►

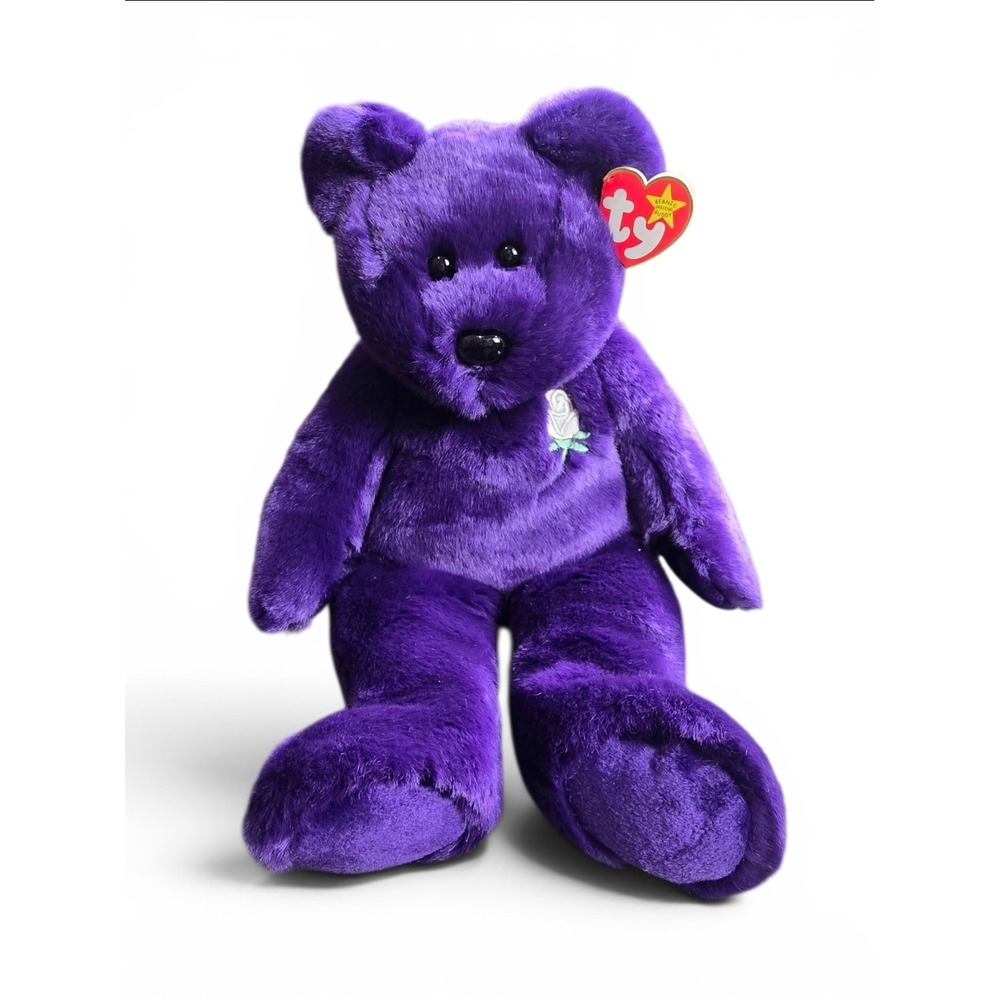 Ty Princess Beanie Buddy Purple Diana Princess of Wales Memorial Bear with Tags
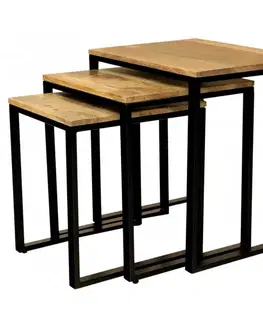 Odkladacie stolíky 3ks Gita indický masív mango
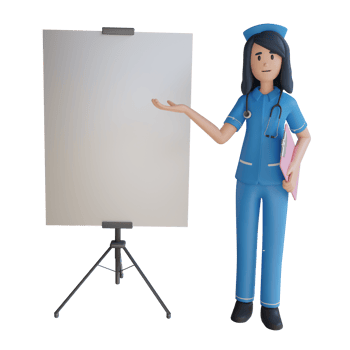 Nurse explain with a blank white board 3d character illustration png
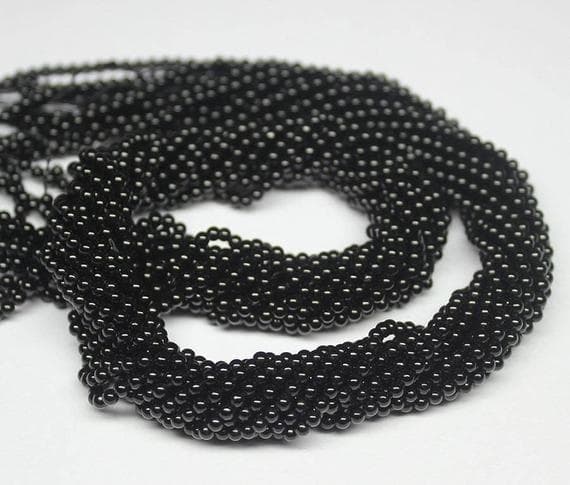 1 strand black onyx round ball smooth 14'' long strand gemstone beads, jewelry supplies for jewelry making, bulk beads, for meditation jewellery for Reiki Healing  gemstone 3mm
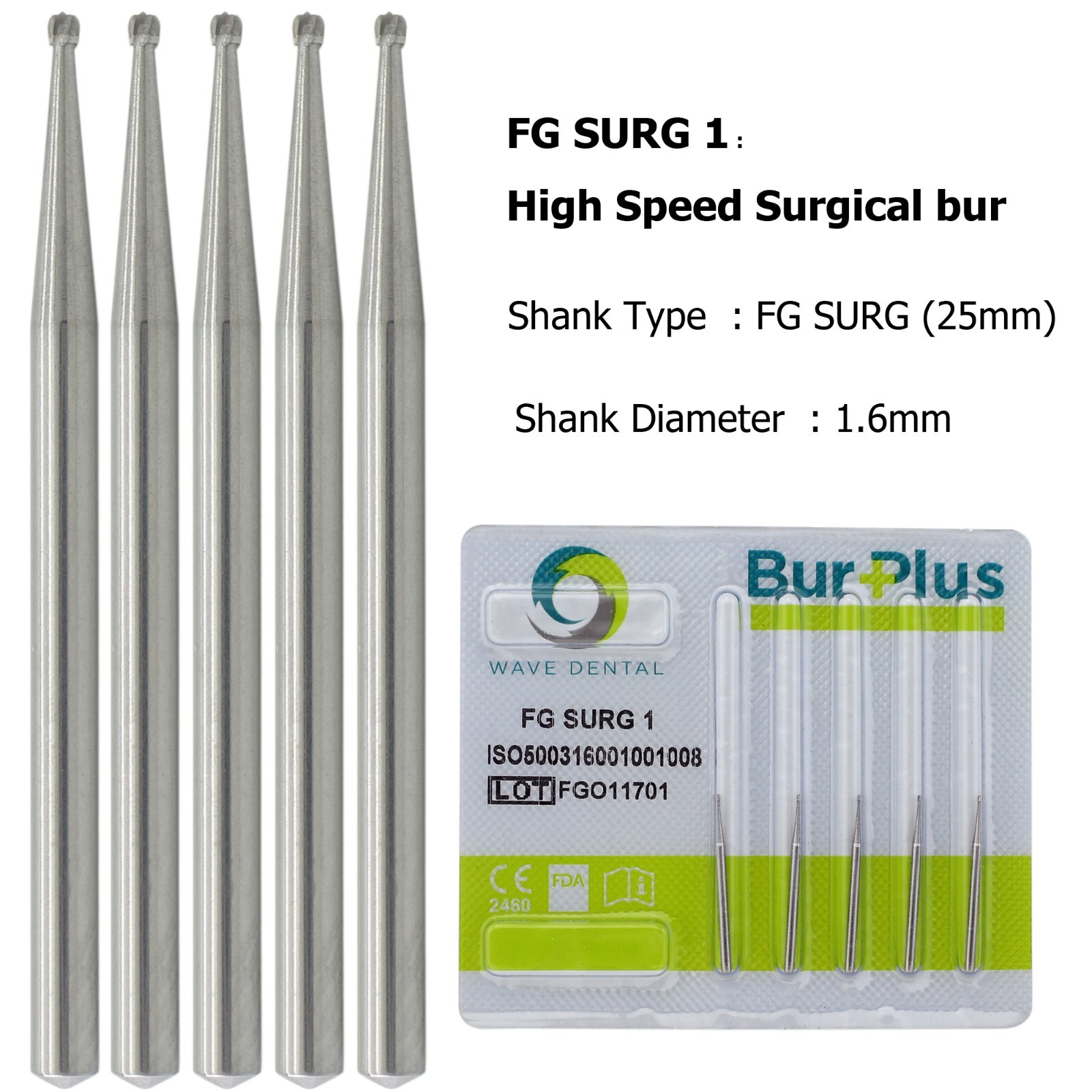 Wave Dental Carbide Surgical length Round Bur 2 4 6 8 Midwest Friction Grip FGOS
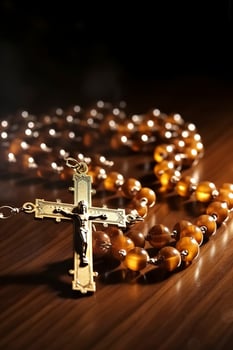 Handmade Traditional maple hard Wooden Catholic Rosary Prayer Beads Virgin Mary saint Benedict Jesus crucifix, generate ai photo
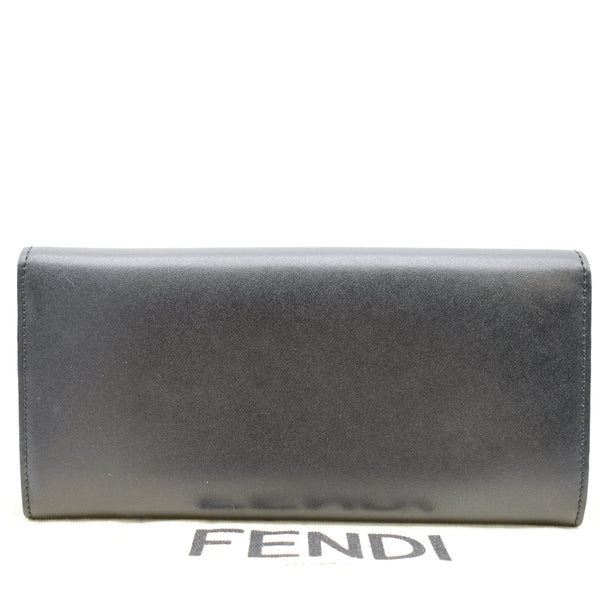FENDI Monster Eyes Continental Smooth Leather Wallet Black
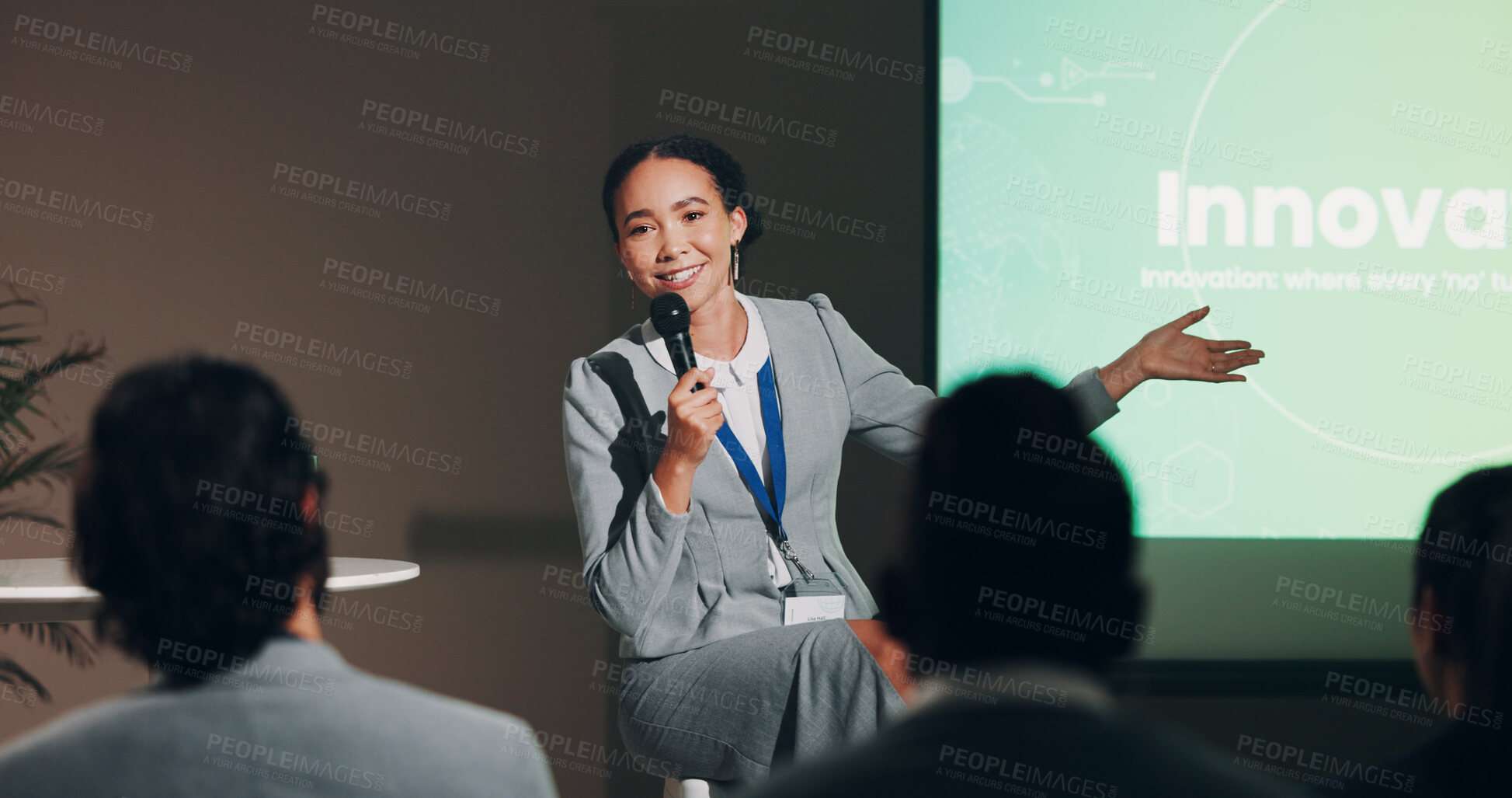 Buy stock photo Speaker, woman and presentation for innovation workshop or corporate responsibility as employees. Female person, business conference and discussion with mic for project on sustainability for audience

◄

■ What is being asked
The copy must start at the line containing "FENDI Monster Eyes" and end at the last line of the records, matching each line exactly and holding no pictures.

■ Task response
FENDI Monster Eyes Continental Smooth Leather Wallet Black
 Buy stock photo Speaker, woman and presentation for innovation workshop or corporate responsibility as employees. Female person, business conference and discussion with mic for project on sustainability for audience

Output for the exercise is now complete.